Valerio Fuenzalida relata, em seu livro Televisión abierta y audiencia, que um espectador ativo não tem necessariamente de estar atento e concentrado, refletindo profundamente sobre o que está vendo. A audiência outorga aos televisores ligados em casa uma atenção variável, que pode ser concentrada em alguns programas, pode ser mais auditiva que visual em outros e pode ser completamente distraída nos momentos em que o telespectador olha o televisor de passagem, apenas para tomar ciência do que está sendo exibido.

O sociólogo rebate a importância do telespectador se ater ao conteúdo que decidiu absorver. ‘A televisão, diferente das revistas, dos livros e dos jornais, não deixa espaço para a reflexão e análise, o que empobrece a percepção crítica da realidade ou simplesmente leva o telespectador a absorver e reproduzir conceitos alheios’, protesta.

Dentre os telespectadores, os ‘baixinhos’ já opinaram sobre os programas de televisão em geral. Uma pesquisa realizada pelo Grupo de Pesquisa em Educação e Mídia, da Pontifícia Universidade Católica do Rio de Janeiro (PUC-RJ), em 2004, com o tema ‘o que as crianças pensam sobre a TV’, constatou que a maioria delas critica o conteúdo apresentado e reivindica mais programas educativos e de caráter instrutivo.
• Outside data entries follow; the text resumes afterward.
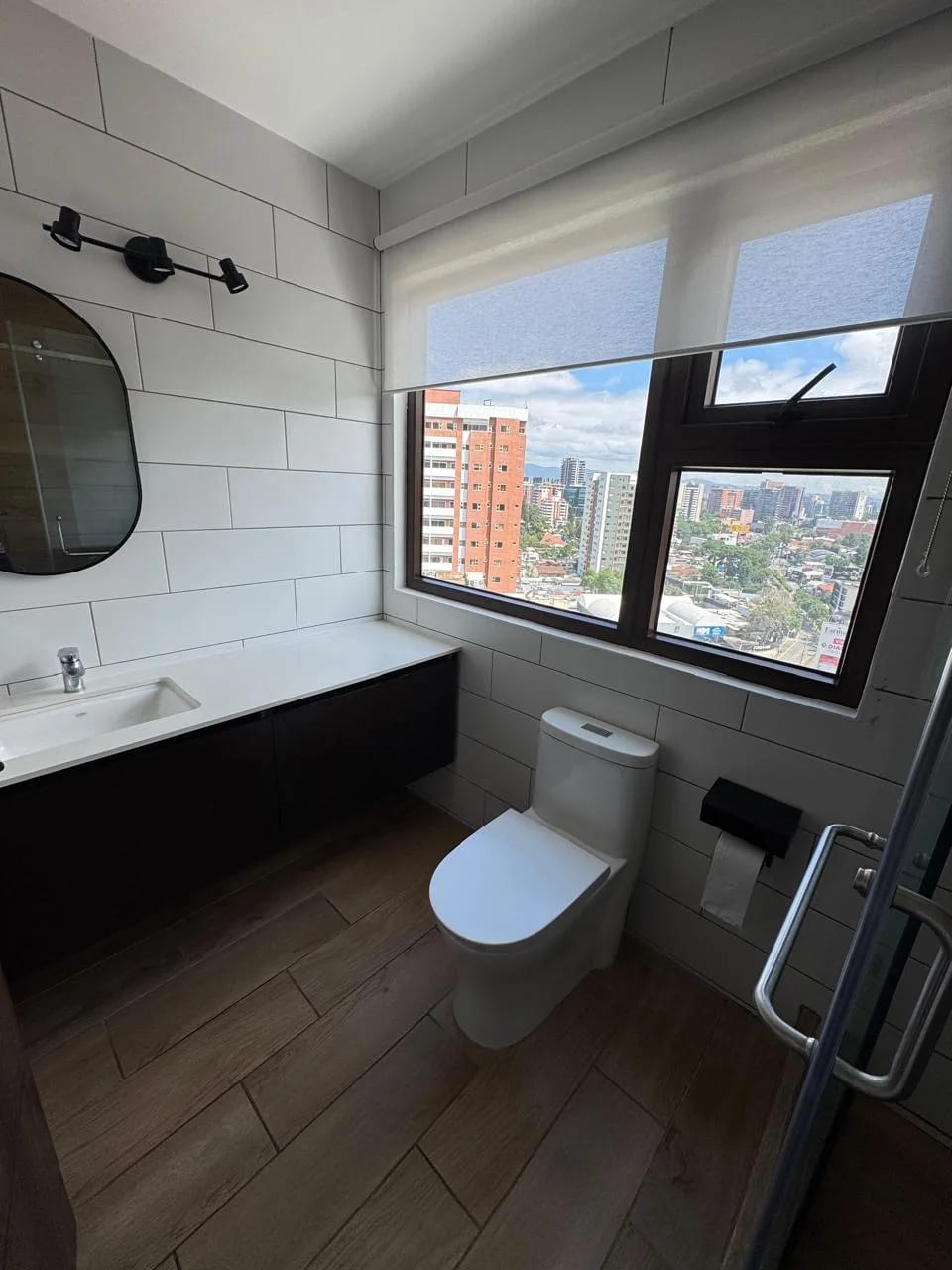 Apartamento en renta, Edificio Marques de Oakland zona 10 — Apartamento en Alquiler en Marques de Oakland, Zona 10, Guatemala, Ciudad — foto 7 de 14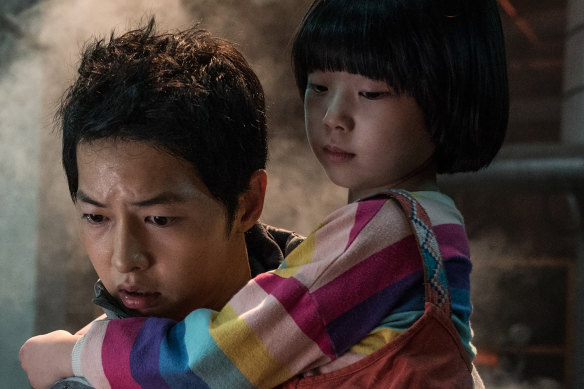 Song Joong-ki and Park Ye-rin in Space Sweepers.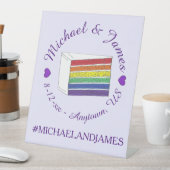 レインボー結婚ズケーキスライス紫ハートLGBTゲイ 台座サイン (インサイチュ)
Mercantilização da cultura

A análise contou com a participação de 986 crianças; 56,1% delas estudavam em escolas públicas e 43,9% em escolas particulares; a maioria (66,8%) tinha, na época, entre nove e onze anos – mostra que eles estão antenados na programação, no seu conteúdo e sabem diferenciar o que é certo e o que é errado.
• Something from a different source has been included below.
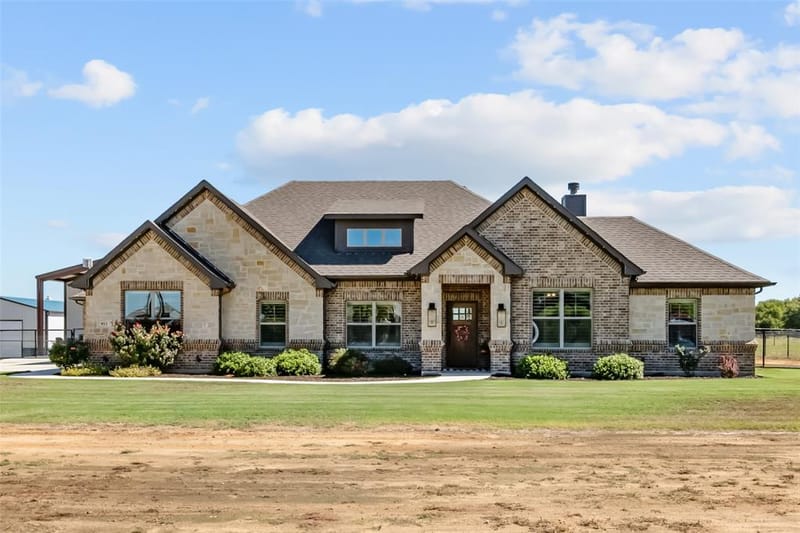953 County Road 4764, Boyd TX 76023
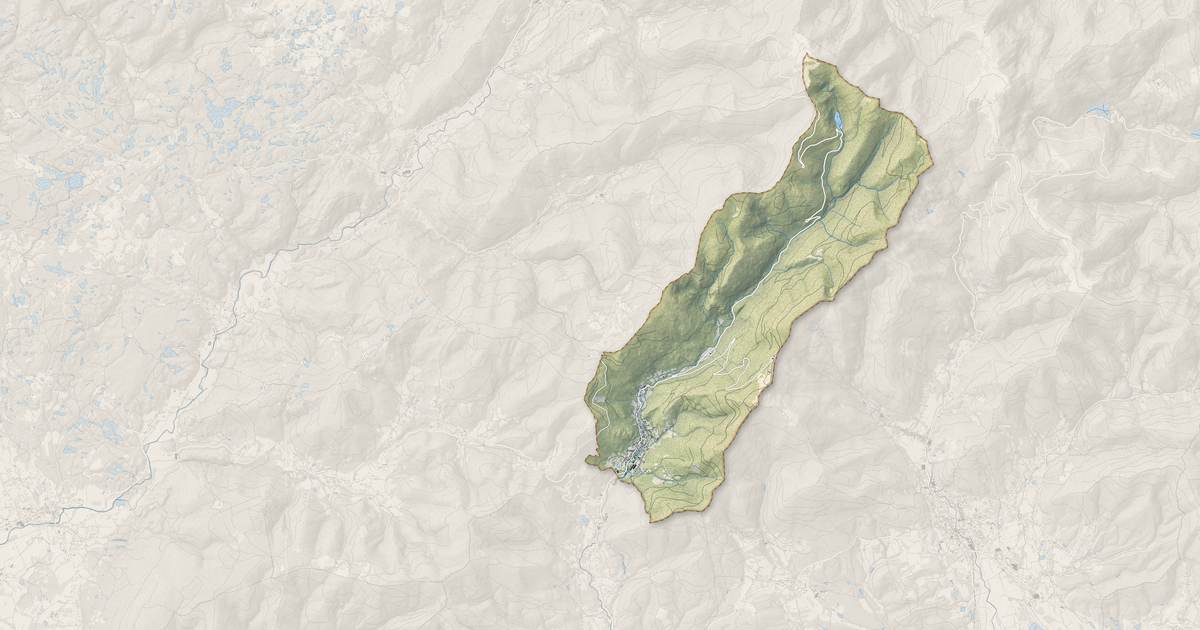 Portrait cartographique de Plancher-les-Mines : relief, eau, forêts, bâti et voies, calculés à partir des données de l'IGN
Em seu livro A televisão levada a sério, o doutor em comunicação Arlindo Machado defende que o problema dos conteúdos ‘banais’ não se encontra apenas na televisão, estendendo-se para outras mídias.

Dizer que na televisão só existe banalidade é um duplo equívoco. Em primeiro lugar, há o erro de considerar que as coisas são muito diferentes fora da televisão. O fenômeno da banalização é o resultado de uma apropriação industrial da cultura e pode ser hoje estendido a toda e qualquer forma de produção intelectual do homem. Exemplo particularmente sintomático desse fenômeno é a transformação das livrarias, tradicionais pólos de encontro das camadas intelectuais, em supermercados da cultura, especializado em best sellers e digestivos, para onde acorre um público de massa, que lota seus carrinhos de compra com uma subliteratura de consolo e manuais de auto-ajuda.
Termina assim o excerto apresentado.